Si vous pensez qu’un MBO ou une succession traditionnelle sont les options les plus probables, nous vous conseillons d’impliquer les successeurs potentiels le plus tôt possible dans la gestion de l’entreprise. De cette manière, vous leur donnez un avant-goût de leur avenir et rendrez la transmission progressive, ce qui facilitera la transition pour toutes les personnes concernées (y compris les employés, les clients et les fournisseurs). Impliquer vos successeurs dans la gestion de l’entreprise leur permettra également d’en connaître les processus, ce qui vous permettra de moins les formaliser.
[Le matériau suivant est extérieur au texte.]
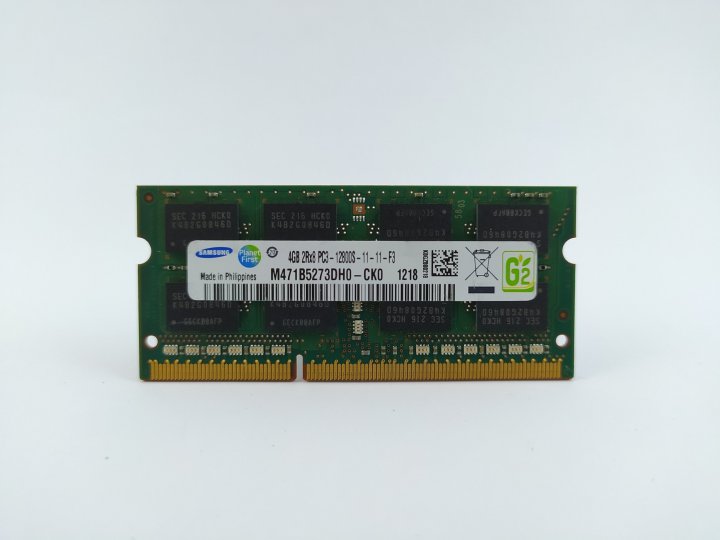 

Samsung M471B5273DH0-CK0 (M471B5273DH0-CK0)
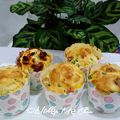 Cooksnap của QUÂN NGUYỄN khi họ làm theo món Cupcake (không cần lò)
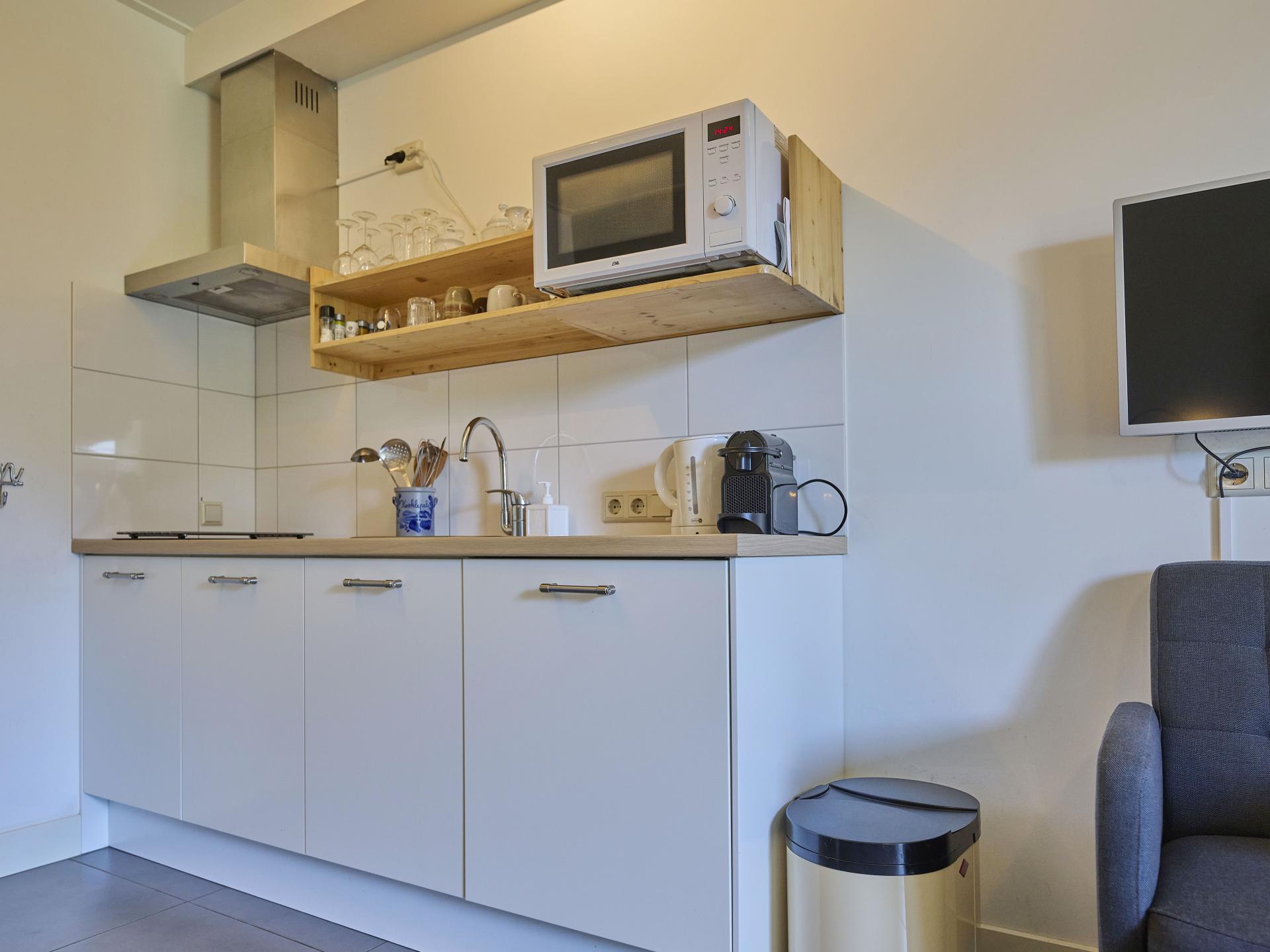 Sfeervol huisje in het Zuid-Limburgse heuvelland, 90m van centrum - foto 9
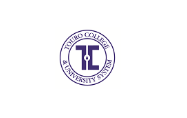 Touro college logo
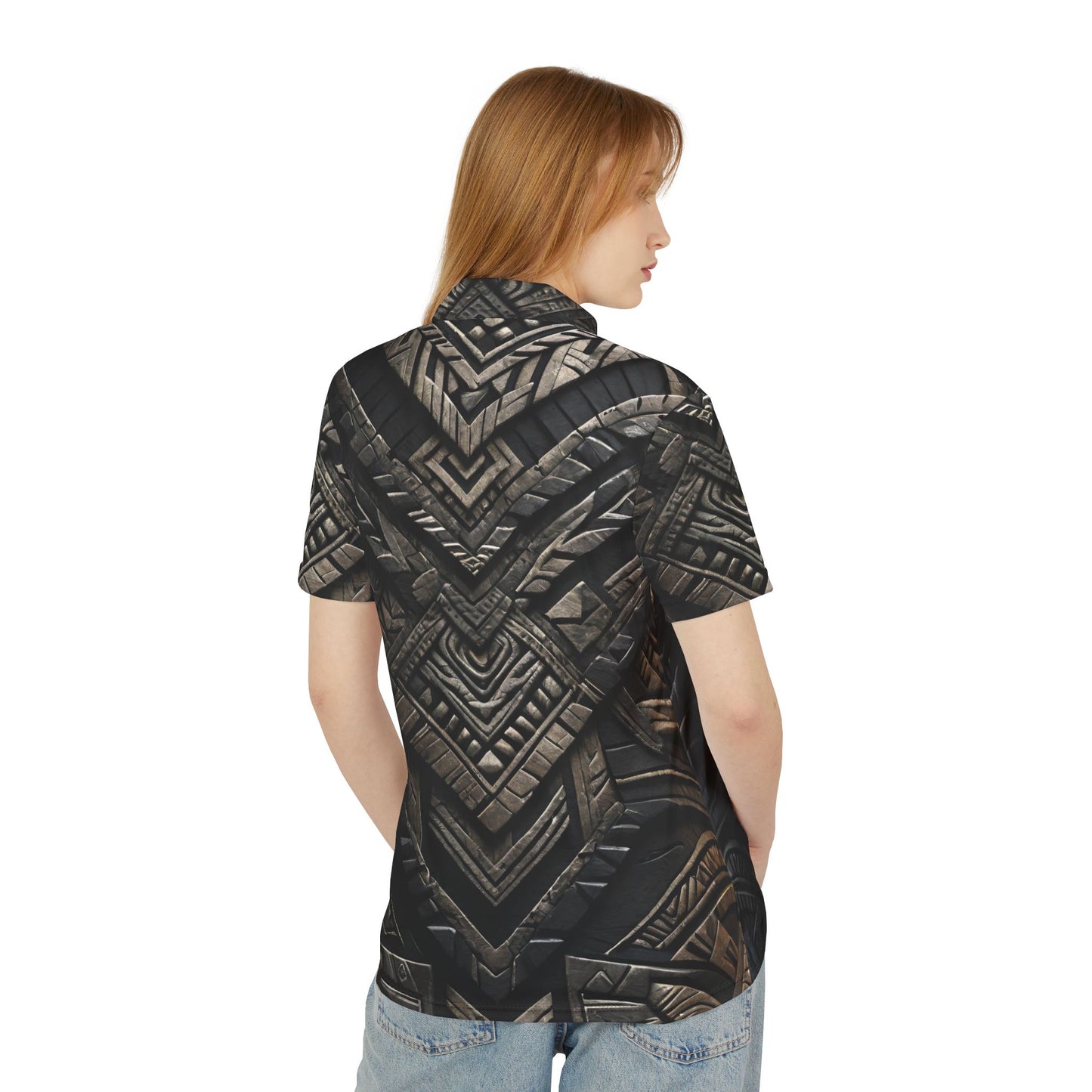 Stone Tribe Polo Shirt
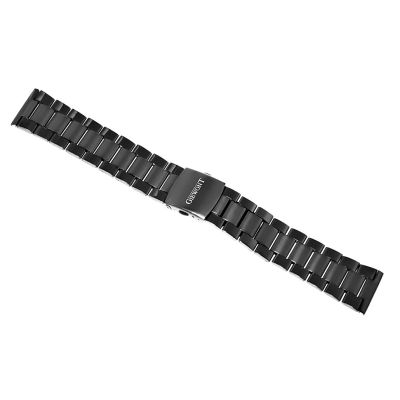 3. Bransoleta do Smartwatch GIEWONT GW440 GWB440-1 - Black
Pour impliquer vos successeurs potentiels, vous pouvez envisager de mettre en place des plans d’intéressement (ESOP) et d’inclure les personnes concernées dans la gouvernance de l’entreprise, par exemple en leur donnant un siège au conseil d’administration.

Points principaux à retenir

Dès le début d’une entreprise, les fondateurs doivent essayer d’avoir le plus de visibilité possible sur leurs objectifs à long terme, y compris l’exit. Ils doivent toutefois adapter constamment leurs attentes en matière d’exit en fonction de l’évolution de l’entreprise. Par exemple, un gros client ou un prix non-dilutif pourrait supprimer le besoin de financement en equity et permettre une croissance organique suffisante, ce qui modifiera les perspectives d’exit.

En pratique, nous suggérons aux fondateurs de préparer des projections financières à long terme complètes et honnêtes du développement de leur entreprise dans le cadre de leur business plan. De cette façon, ils auront une meilleure visibilité sur la croissance visée ainsi que les ressources financières nécessaires pour l’atteindre. Sur la base de ces informations, ils pourront décider si le bootstrapping de l’entreprise est une option ou si un financement en equity est nécessaire.

Si la nécessité d’un financement en equity est probable, alors les processus opérationnels et juridiques doivent être aussi propres que possible dès le début. En outre, dans la mesure du possible, l’entreprise devrait être constituée en société anonyme, qui est beaucoup plus apte à recevoir un financement par actions (notamment en raison de la flexibilité possible de sa structure de capital et de gouvernance). Finalement, pour maximiser la valorisation, les fondateurs doivent s’efforcer de rendre le succès de l’entreprise indépendant d’eux-mêmes.

Si les fondateurs pensent que le bootstrapping est possible, ils peuvent alors envisager une structure plus légère. La constitution d’une société à responsabilité limitée devient une option, permettant de réduire les exigences en matière de capital (CHF 20’000.- au lieu de CHF 100’000.- pour une société anonyme). La gestion juridique et opérationnelle devra toujours permettre à l’entreprise de fonctionner en toute sécurité, mais elle pourra être légèrement moins complète et détaillée. Enfin, les successeurs potentiels de l’entreprise doivent être vu comme tels dès que possible afin qu’ils puissent être impliqués de manière à faciliter la transmission le moment venu.